INPUT DATA =
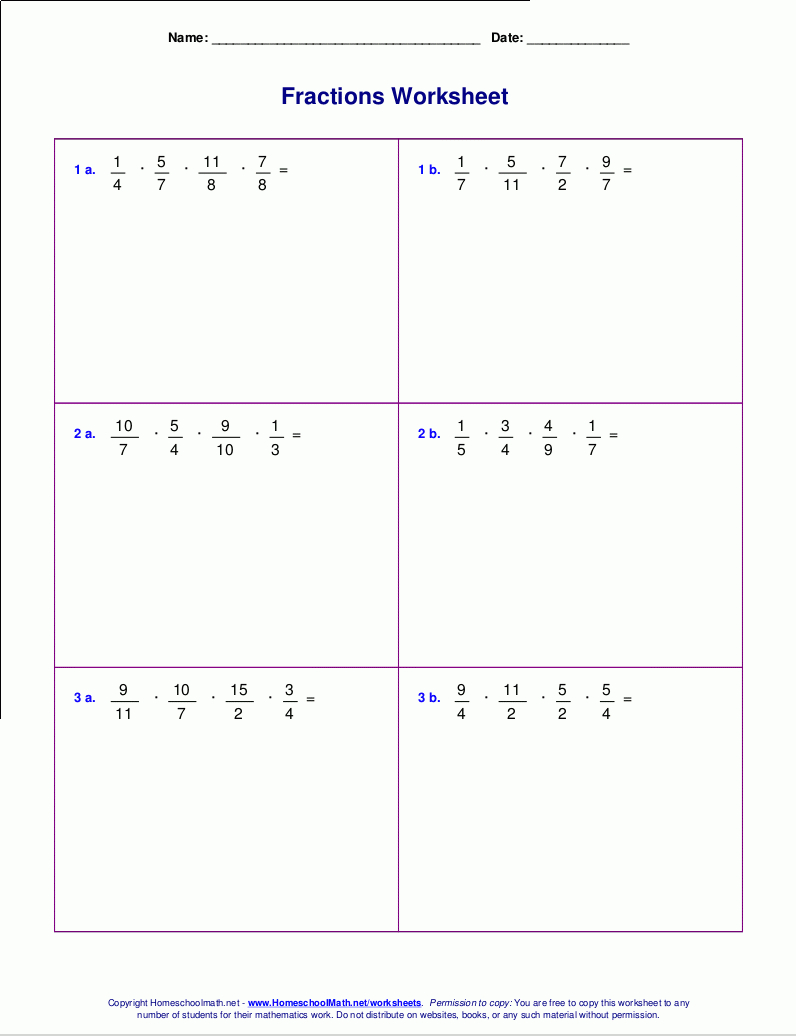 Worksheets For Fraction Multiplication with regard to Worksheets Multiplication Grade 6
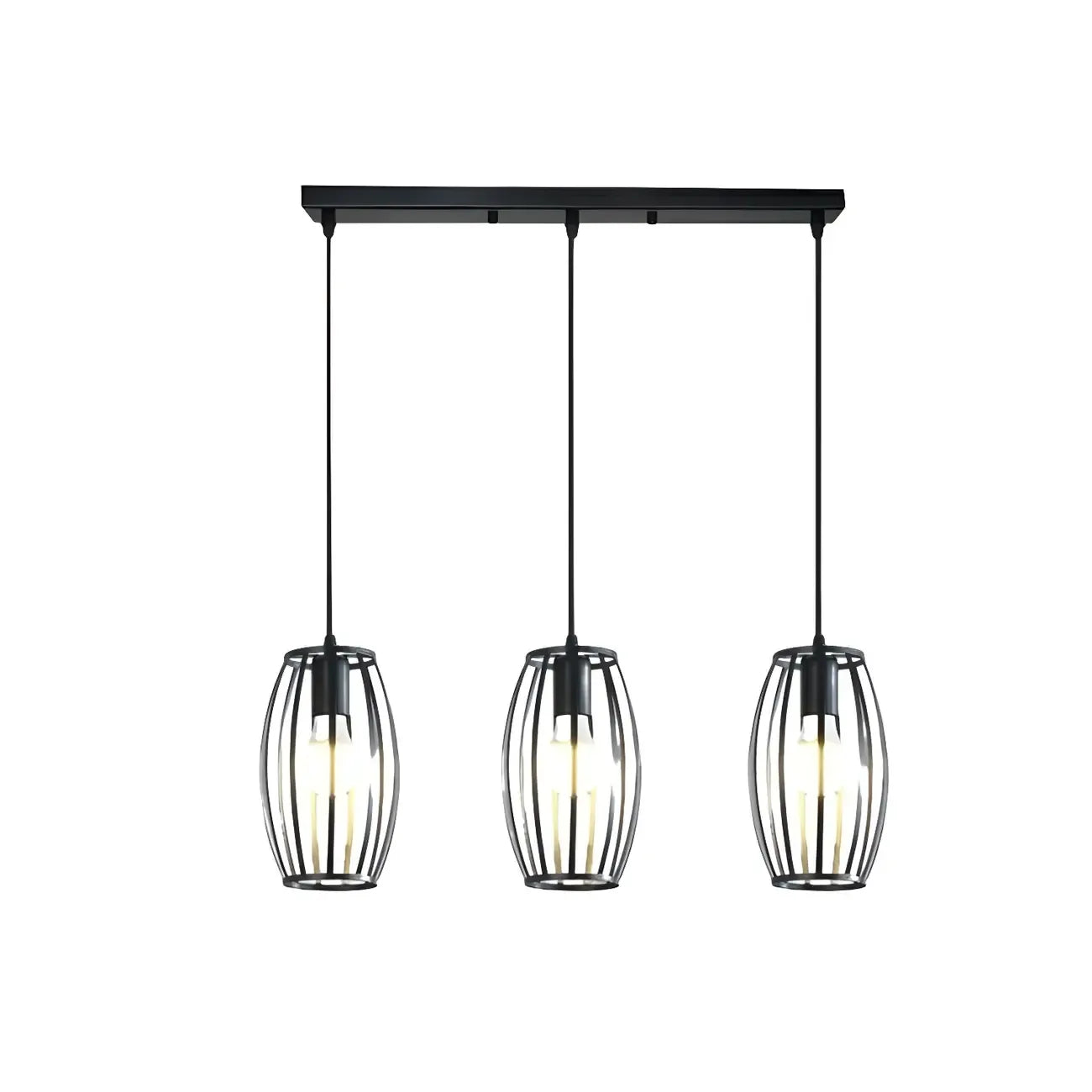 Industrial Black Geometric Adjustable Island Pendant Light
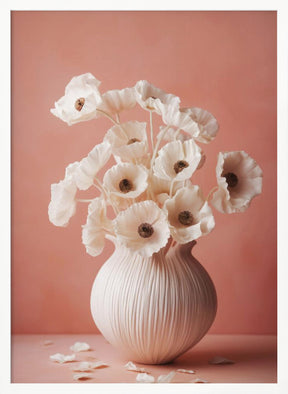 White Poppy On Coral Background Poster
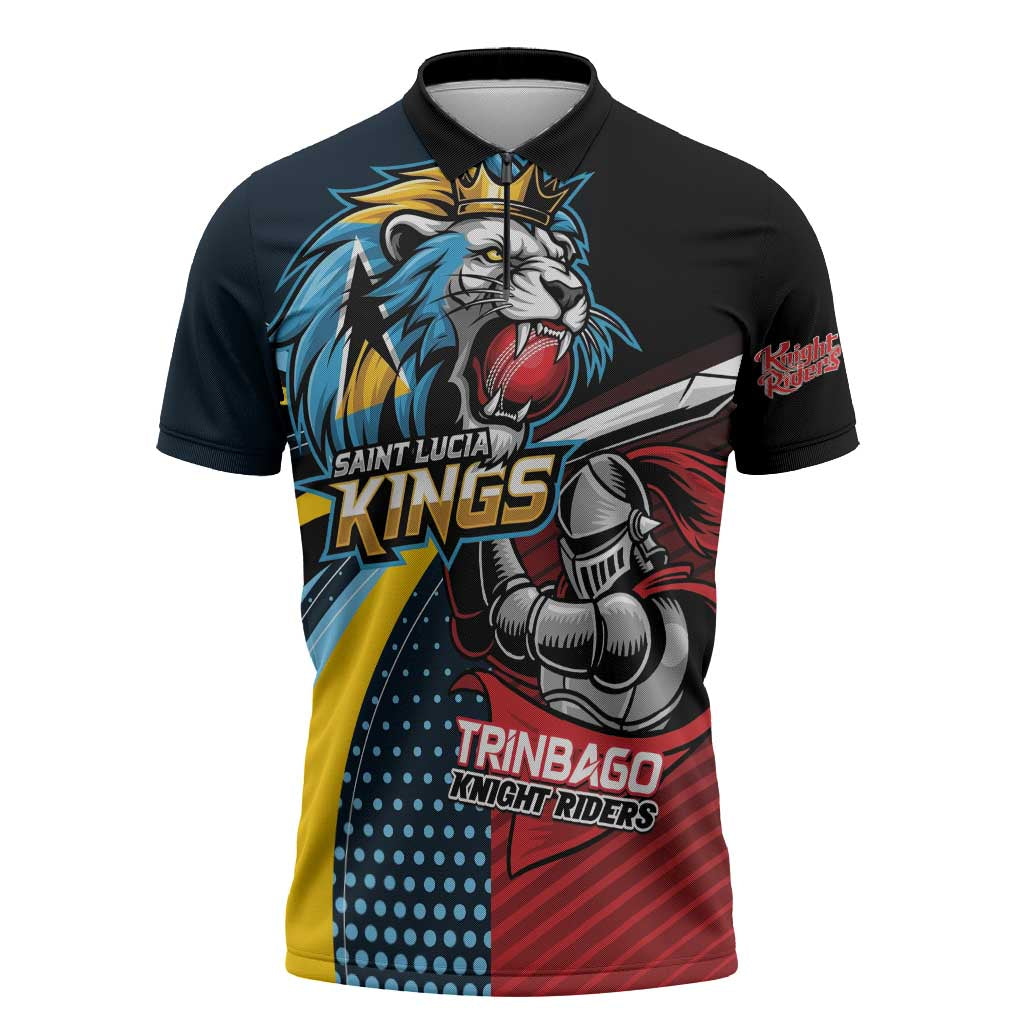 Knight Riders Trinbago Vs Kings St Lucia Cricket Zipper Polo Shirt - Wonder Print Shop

PROBLEM STATEMENT = Make an exact copy of the data, leaving its pictures out.

SOLUTION TO THE EXERCISE =
 Worksheets For Fraction Multiplication with regard to Worksheets Multiplication Grade 6
 Industrial Black Geometric Adjustable Island Pendant Light
 White Poppy On Coral Background Poster
 Knight Riders Trinbago Vs Kings St Lucia Cricket Zipper Polo Shirt - Wonder Print Shop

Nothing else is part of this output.